**Provided material:**
▼

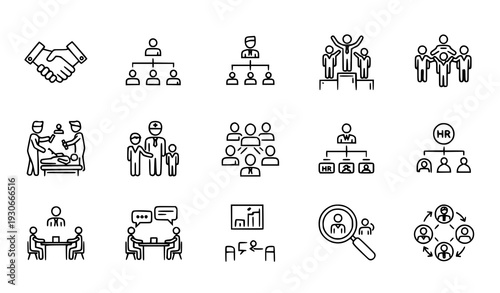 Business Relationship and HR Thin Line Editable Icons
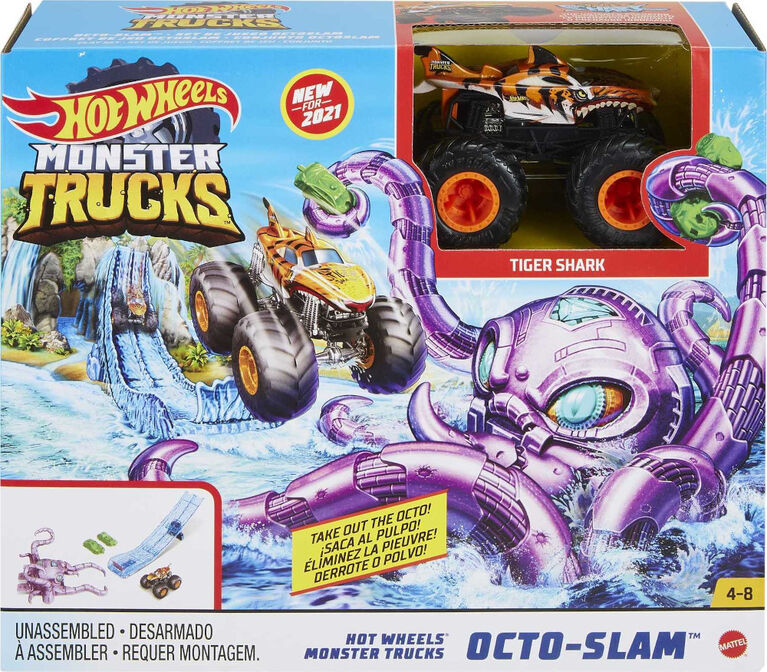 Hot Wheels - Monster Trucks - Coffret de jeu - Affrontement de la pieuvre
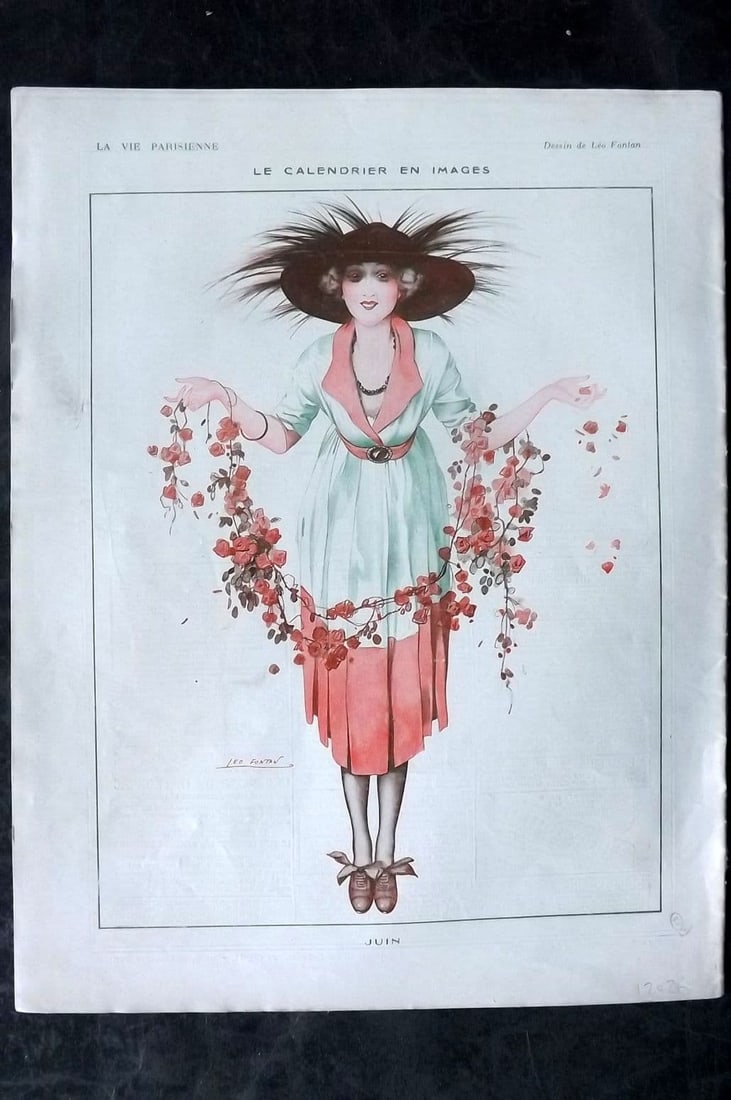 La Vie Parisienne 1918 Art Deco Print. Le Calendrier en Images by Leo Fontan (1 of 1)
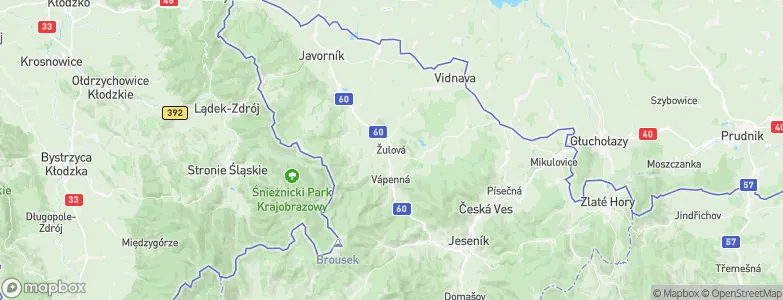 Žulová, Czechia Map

▲

**Task to complete:**
Could you give all of the data again exactly as written, omitting any pictures?

**Your response:**
 Business Relationship and HR Thin Line Editable Icons
 Hot Wheels - Monster Trucks - Coffret de jeu - Affrontement de la pieuvre
 La Vie Parisienne 1918 Art Deco Print. Le Calendrier en Images by Leo Fontan (1 of 1)
 Žulová, Czechia Map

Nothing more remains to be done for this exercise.